The contention of the appellants is that the testatrix did otherwise direct in her will that certain legatees should not be charged with the tax and that it must; therefore, be paid by the general legacies or the residuary estate. There being no residuary estate, the tax must be paid by the general legacies. There are several reasons why that contention appears to be correct.
The direct provisions of the will as set forth above provide that certain legatees should be paid without “ any deductions or decreases ” therefrom. The provision that all taxes and all administration expenses should be paid out of the residuary estate contemplated that there would be a residuary estate, in which event all legacies would be paid in full, and hence no question would arise in reference to taxes. There being no residuary estate, that provision of the will has no application.

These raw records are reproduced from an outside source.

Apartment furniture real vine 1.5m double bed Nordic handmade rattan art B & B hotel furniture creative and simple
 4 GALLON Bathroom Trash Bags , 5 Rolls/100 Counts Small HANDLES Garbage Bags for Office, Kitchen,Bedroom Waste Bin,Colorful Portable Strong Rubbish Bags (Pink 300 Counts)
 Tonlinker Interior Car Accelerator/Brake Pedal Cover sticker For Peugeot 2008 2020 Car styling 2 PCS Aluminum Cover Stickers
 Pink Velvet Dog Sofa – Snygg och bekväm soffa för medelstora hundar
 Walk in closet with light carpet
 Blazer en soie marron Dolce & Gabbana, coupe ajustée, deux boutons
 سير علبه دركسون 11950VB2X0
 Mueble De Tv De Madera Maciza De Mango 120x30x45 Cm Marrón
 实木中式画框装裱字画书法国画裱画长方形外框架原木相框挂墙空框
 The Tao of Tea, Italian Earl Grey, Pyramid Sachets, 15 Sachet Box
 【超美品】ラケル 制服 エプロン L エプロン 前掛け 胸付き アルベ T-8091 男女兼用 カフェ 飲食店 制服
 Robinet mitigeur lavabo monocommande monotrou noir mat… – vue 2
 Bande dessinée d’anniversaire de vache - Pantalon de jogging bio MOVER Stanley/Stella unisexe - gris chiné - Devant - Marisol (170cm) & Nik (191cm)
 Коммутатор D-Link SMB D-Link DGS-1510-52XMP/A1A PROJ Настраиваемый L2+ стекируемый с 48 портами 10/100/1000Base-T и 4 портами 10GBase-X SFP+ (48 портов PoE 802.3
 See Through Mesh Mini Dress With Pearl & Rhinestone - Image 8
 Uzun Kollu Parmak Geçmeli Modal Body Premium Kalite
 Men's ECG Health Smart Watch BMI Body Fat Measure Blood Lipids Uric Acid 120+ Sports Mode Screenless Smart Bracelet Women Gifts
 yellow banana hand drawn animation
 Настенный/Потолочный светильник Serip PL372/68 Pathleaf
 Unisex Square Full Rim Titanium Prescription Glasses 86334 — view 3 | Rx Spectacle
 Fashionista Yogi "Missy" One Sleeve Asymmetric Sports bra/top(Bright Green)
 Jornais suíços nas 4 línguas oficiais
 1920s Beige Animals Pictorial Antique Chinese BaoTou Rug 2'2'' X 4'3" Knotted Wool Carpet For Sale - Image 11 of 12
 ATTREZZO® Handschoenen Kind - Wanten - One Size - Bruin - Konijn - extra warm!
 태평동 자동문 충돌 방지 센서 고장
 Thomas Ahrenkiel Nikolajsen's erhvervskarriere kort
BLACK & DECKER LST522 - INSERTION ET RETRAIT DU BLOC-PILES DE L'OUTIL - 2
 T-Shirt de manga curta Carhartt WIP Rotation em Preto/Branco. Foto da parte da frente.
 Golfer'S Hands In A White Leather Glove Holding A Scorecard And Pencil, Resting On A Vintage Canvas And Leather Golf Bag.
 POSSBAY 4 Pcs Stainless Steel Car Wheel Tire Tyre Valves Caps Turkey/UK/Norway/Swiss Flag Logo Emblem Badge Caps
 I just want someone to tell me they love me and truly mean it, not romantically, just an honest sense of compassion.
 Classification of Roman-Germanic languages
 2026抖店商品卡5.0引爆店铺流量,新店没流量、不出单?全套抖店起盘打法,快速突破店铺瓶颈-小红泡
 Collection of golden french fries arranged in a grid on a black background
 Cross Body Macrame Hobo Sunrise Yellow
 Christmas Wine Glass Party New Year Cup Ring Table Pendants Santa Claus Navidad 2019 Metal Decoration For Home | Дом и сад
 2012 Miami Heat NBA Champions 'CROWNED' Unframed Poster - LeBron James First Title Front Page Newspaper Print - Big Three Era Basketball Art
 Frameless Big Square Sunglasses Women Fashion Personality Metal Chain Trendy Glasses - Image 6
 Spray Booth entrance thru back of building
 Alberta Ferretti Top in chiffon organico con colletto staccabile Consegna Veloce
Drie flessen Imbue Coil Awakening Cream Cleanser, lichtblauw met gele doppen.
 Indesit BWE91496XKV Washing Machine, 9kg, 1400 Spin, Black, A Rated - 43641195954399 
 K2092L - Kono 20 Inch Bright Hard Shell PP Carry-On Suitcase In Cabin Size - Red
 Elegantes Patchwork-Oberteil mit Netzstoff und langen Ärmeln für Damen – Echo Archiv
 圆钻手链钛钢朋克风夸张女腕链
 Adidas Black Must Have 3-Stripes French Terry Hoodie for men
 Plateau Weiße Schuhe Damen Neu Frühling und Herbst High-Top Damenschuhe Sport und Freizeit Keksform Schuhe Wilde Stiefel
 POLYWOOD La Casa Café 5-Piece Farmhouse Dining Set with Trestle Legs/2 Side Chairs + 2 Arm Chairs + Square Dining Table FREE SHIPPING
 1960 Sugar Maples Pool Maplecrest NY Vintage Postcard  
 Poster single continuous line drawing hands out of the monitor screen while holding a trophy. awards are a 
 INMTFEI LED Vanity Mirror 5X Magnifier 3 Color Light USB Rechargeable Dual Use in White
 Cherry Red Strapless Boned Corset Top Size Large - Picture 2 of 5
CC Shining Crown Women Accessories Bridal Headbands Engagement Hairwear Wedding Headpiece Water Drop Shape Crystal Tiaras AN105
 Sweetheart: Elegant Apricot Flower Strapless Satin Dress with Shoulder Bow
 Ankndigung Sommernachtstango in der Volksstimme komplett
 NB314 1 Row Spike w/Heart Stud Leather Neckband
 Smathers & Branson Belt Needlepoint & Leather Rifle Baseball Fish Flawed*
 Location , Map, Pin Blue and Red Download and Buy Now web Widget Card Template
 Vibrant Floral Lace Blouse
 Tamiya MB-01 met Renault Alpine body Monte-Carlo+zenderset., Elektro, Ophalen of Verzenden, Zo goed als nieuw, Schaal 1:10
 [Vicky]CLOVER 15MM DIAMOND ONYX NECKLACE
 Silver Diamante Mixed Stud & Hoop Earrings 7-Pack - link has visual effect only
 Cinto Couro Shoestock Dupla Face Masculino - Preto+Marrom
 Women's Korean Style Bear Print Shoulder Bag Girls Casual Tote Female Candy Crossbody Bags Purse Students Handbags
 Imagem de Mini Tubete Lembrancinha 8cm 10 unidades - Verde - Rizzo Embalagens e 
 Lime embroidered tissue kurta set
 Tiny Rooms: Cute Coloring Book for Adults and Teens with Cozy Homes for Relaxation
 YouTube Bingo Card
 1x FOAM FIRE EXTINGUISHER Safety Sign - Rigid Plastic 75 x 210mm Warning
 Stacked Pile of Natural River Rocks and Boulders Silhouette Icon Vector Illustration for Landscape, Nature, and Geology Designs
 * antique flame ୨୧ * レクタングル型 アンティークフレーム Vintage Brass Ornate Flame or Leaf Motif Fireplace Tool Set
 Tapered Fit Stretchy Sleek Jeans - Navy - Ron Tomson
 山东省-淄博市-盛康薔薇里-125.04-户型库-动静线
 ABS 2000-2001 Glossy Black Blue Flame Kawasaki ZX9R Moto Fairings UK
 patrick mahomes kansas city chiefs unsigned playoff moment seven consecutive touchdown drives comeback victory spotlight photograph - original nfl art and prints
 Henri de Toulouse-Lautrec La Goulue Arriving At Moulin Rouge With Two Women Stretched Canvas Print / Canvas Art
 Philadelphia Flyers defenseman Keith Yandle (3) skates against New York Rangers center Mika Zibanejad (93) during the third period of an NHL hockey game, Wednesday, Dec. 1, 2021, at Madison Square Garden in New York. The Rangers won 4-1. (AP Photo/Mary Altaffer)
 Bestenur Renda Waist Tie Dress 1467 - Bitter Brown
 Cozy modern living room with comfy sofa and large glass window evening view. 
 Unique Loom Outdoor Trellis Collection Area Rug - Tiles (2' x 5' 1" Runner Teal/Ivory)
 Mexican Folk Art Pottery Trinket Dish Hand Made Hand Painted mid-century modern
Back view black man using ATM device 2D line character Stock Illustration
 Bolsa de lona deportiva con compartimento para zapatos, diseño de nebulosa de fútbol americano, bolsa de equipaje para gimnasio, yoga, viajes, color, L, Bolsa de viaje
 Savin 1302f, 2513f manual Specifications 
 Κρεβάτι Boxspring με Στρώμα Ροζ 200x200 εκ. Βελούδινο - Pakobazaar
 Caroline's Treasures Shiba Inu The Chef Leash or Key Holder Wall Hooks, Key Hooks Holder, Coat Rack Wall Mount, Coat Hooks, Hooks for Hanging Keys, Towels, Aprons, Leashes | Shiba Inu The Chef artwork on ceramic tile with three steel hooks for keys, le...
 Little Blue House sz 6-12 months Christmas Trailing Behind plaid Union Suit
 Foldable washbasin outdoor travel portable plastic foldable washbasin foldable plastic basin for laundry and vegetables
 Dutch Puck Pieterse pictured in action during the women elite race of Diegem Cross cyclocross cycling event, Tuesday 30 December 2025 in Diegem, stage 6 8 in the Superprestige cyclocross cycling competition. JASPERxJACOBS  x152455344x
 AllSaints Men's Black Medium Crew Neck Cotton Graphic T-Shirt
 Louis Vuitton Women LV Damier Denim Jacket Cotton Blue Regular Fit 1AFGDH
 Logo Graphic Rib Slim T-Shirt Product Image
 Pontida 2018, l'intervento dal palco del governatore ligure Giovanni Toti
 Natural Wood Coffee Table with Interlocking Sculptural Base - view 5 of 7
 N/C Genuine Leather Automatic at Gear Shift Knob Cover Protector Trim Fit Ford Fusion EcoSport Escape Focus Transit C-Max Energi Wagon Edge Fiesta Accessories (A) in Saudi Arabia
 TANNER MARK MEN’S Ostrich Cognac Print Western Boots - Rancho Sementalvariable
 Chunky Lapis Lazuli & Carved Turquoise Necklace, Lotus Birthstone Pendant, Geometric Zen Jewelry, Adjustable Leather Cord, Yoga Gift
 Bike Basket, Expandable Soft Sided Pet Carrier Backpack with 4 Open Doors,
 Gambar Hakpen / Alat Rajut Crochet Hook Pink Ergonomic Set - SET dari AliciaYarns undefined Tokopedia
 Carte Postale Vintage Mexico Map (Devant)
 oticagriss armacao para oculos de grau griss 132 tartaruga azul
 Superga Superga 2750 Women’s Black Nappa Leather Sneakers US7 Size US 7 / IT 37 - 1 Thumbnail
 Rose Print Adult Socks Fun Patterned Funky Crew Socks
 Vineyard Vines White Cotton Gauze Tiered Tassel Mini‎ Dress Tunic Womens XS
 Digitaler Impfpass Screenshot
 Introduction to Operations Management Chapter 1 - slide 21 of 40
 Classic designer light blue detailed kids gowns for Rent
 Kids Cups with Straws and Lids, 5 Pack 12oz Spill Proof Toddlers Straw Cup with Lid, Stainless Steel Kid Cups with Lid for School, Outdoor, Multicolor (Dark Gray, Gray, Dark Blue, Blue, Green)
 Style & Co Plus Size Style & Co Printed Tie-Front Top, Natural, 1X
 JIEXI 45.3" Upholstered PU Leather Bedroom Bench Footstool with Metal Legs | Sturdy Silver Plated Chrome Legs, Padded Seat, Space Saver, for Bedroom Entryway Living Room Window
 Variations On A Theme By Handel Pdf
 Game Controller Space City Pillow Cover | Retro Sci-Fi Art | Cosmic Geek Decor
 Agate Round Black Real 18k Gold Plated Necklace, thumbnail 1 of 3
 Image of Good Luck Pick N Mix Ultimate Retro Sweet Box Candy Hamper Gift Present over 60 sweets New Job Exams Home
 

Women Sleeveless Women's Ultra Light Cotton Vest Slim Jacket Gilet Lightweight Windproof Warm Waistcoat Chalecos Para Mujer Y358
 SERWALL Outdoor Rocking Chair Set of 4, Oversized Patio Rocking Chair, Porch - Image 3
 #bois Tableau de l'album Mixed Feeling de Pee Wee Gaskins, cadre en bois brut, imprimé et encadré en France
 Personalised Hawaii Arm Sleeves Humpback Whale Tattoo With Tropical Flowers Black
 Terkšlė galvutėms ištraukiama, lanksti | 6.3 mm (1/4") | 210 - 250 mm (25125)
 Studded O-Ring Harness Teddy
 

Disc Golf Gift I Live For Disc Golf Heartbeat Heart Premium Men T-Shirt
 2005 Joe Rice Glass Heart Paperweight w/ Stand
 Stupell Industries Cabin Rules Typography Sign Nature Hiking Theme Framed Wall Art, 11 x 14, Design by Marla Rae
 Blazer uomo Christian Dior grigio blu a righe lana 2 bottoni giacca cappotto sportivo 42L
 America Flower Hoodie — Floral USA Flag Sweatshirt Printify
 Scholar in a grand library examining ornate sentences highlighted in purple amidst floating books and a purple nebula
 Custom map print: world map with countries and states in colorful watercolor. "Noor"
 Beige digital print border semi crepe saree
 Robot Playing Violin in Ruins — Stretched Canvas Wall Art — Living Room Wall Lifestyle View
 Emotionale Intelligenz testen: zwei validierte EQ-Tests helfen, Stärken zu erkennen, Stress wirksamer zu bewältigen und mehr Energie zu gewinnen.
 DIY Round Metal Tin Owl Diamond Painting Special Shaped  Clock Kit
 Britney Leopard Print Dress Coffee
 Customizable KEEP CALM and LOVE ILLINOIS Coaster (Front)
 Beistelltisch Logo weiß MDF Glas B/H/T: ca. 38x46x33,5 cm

We must, therefore, look to the other provisions of the will in order to ascertain the intent of the testatrix. The fact that the testatrix in several instances provided that there should be no deduction from the legacies for any transfer or inheritance taxes is clearly a direction by the testatrix that she desired these legacies to be paid in full. Her intention is again emphasized by the fact that the legacies to her servants must be paid within one month after her death and without any deduction therefrom on account of transfer, inheritance or other taxes.
The direction made with reference to these legacies must be considered from the standpoint that there was no residuary estate. When so considered, it is necessary to wholly disregard the thirty-first paragraph of the will, with the result that the executors are required to pay in full the preferred legacies, and apportion the balance among the remaining unpreferred legacies.
Section 124 of the Decedent Estate Law, being applicable only in a case where the testator has failed to make a provision for the payment of taxes, has no application where the will provides that legacies must be paid in full within one month after the probate of the will " without any deduction,” and where it also clearly provides that other specific legacies must be paid in full as soon as possible and without deductions of any taxes or other administration expenses, irrespective of whether the estate shall be sufficient to pay all the legacies bequeathed.
*699We are of the opinion that the preferred legacies should not be compelled to bear any of the tax burden; that the executors should not be surcharged with those taxes, and that in order to give effect to the intent of the testatrix we must follow the construction of the will contended for by the executors.
The decree should, therefore, be modified to that extent, and as so modified affirmed, with costs to the appellants.
Finch, P. J., Merrell, O’Malley and Glennon, JJ., concur.
Decree so far as appealed from modified as indicated in opinion, and as so modified affirmed, with costs to the appellants. Settle order on notice.